Goal of the exercise: Pictures stay out of the copy. Everything else in the records must be repeated exactly.

Information:
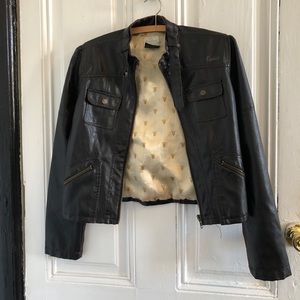Faux Leather Moto Jacket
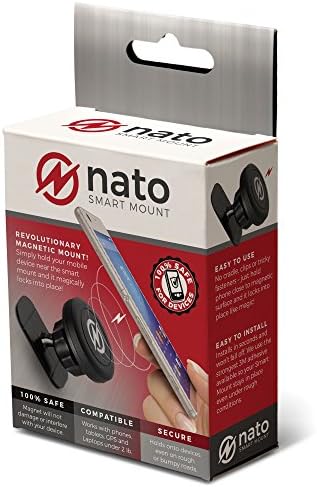 Nato Smart Mount - Magnetic Smart Device Holder Universal Adhesive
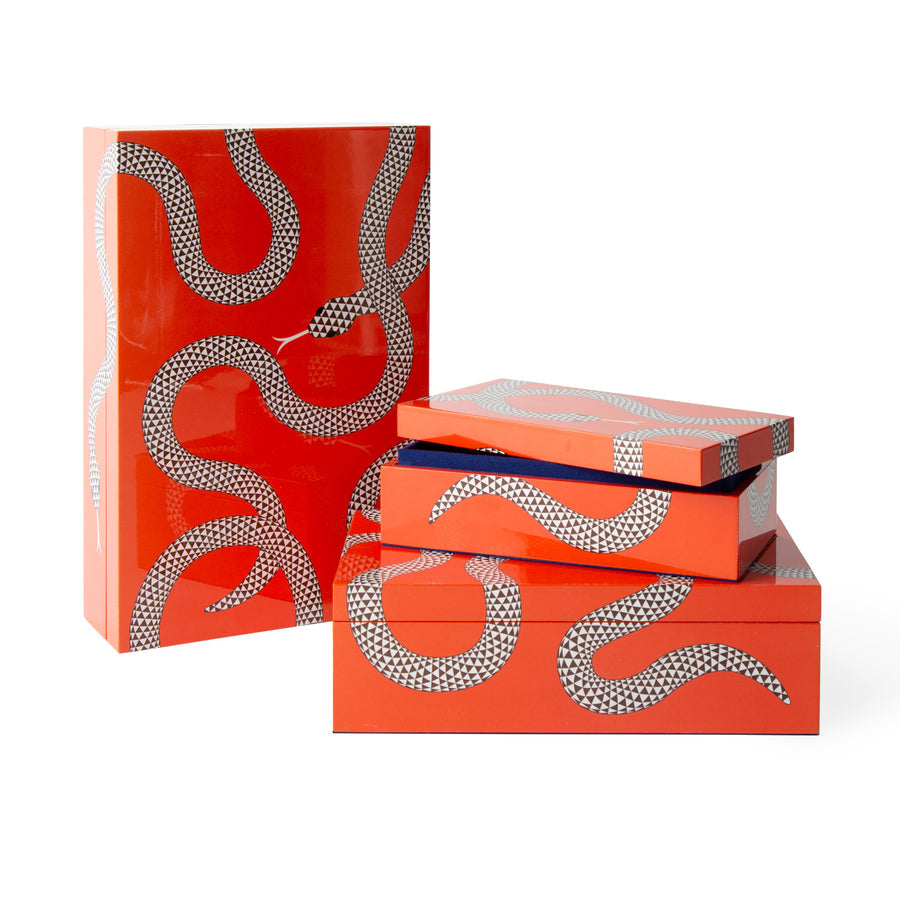 Serpent Print Lacquer Box S | Jonathan Adler Eden | Oroa.com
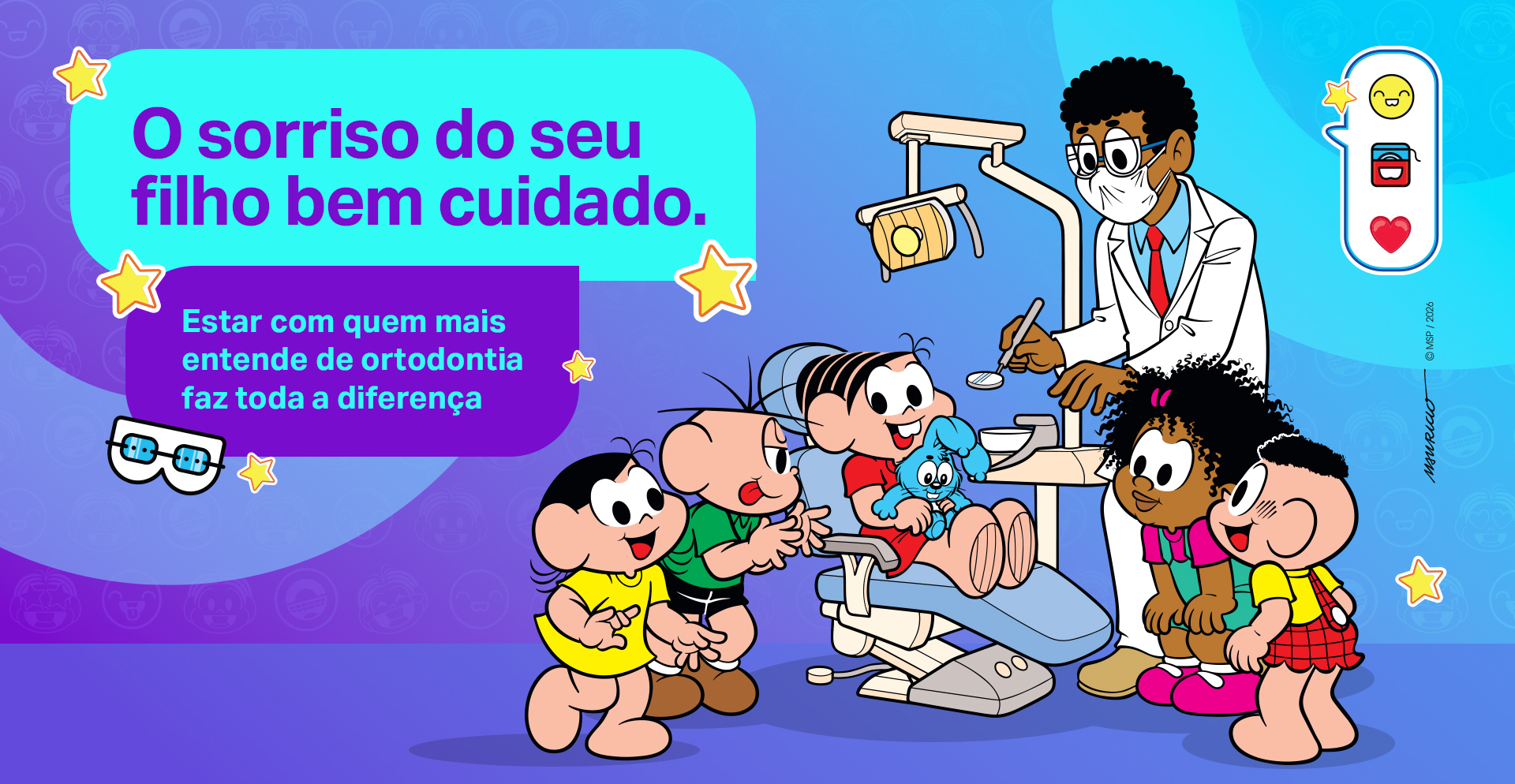 Ortodontia Infantil Turma da Mônica 1 BANNER TOPO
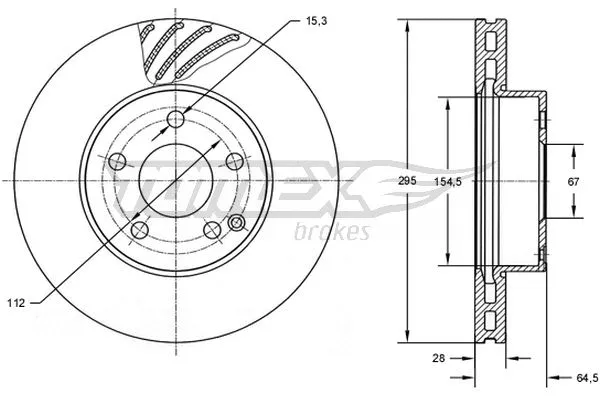 Disque de frein TOMEX Brakes TX 72-76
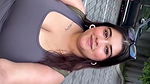 desi girl huge tits in grey tshirt cleavage show 22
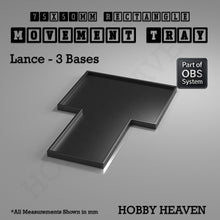Load image into Gallery viewer, Rectangle Movement Trays | Cavalry &amp; Monsters | 50×25-100×60mm | OBS System - ModelBricks
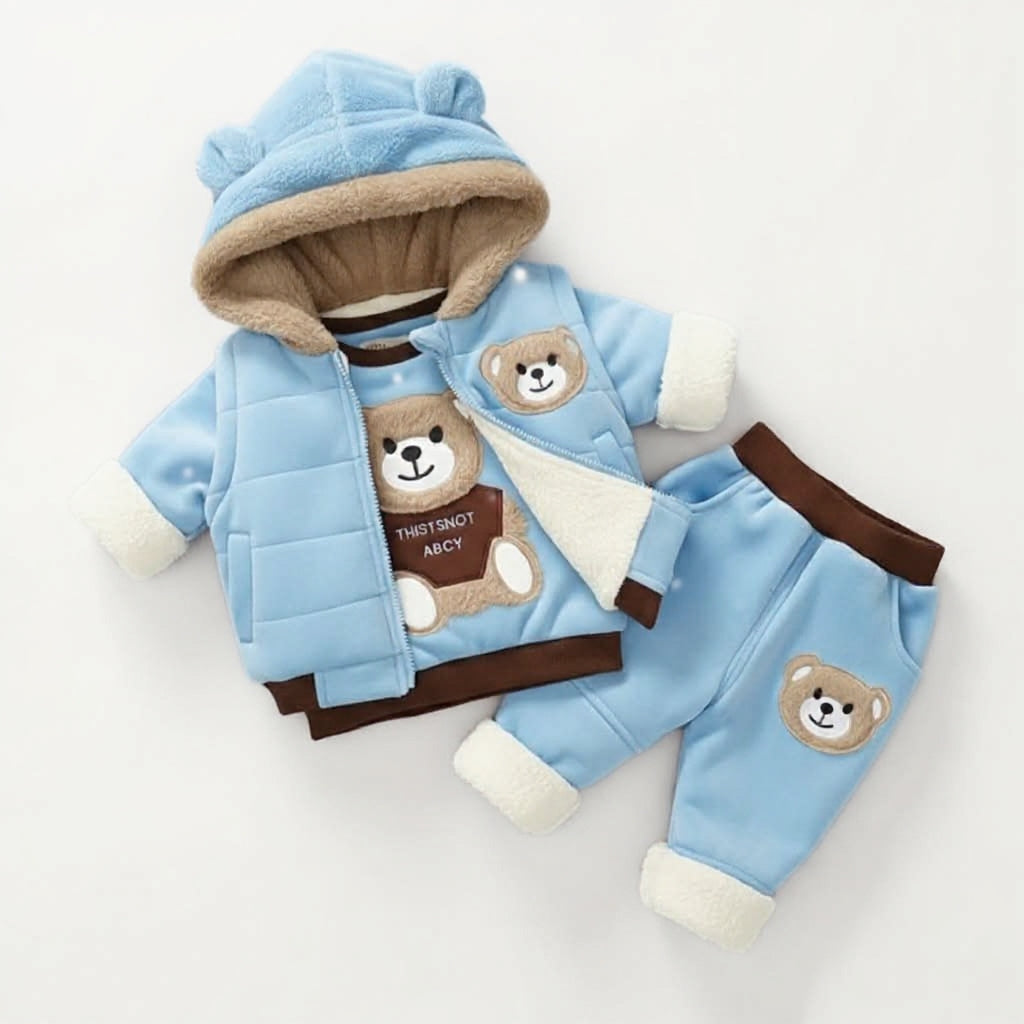 Premium 3-Piece All-Season Kids Set – Ultra-Soft Character Tracksuits & Cute Playwear!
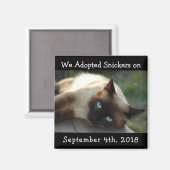 Kat Adoption Personalized Reminder Magnet (Voorkant / Achterkant)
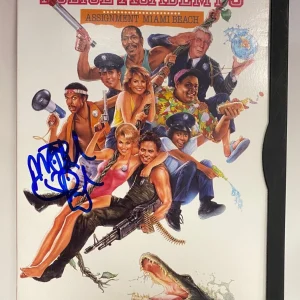 MICHAEL WINSLOW POLICE ACADEMY 5 SIGNED AUTOGRAPHED DVD COVER W/COA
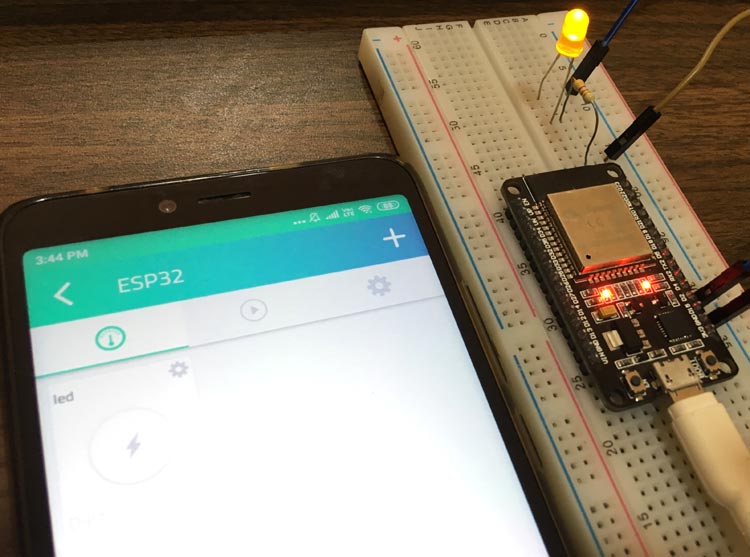 IoT Controlled LED using Cayenne and ESP32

Task result:
Faux Leather Moto Jacket
 Nato Smart Mount - Magnetic Smart Device Holder Universal Adhesive
 Serpent Print Lacquer Box S | Jonathan Adler Eden | Oroa.com
 Ortodontia Infantil Turma da Mônica 1 BANNER TOPO
 Disque de frein TOMEX Brakes TX 72-76
 desi girl huge tits in grey tshirt cleavage show 22
Load image into Gallery viewer, Rectangle Movement Trays | Cavalry &amp; Monsters | 50×25-100×60mm | OBS System - ModelBricks
 Premium 3-Piece All-Season Kids Set – Ultra-Soft Character Tracksuits & Cute Playwear!
 Kat Adoption Personalized Reminder Magnet (Voorkant / Achterkant)
 MICHAEL WINSLOW POLICE ACADEMY 5 SIGNED AUTOGRAPHED DVD COVER W/COA
 IoT Controlled LED using Cayenne and ESP32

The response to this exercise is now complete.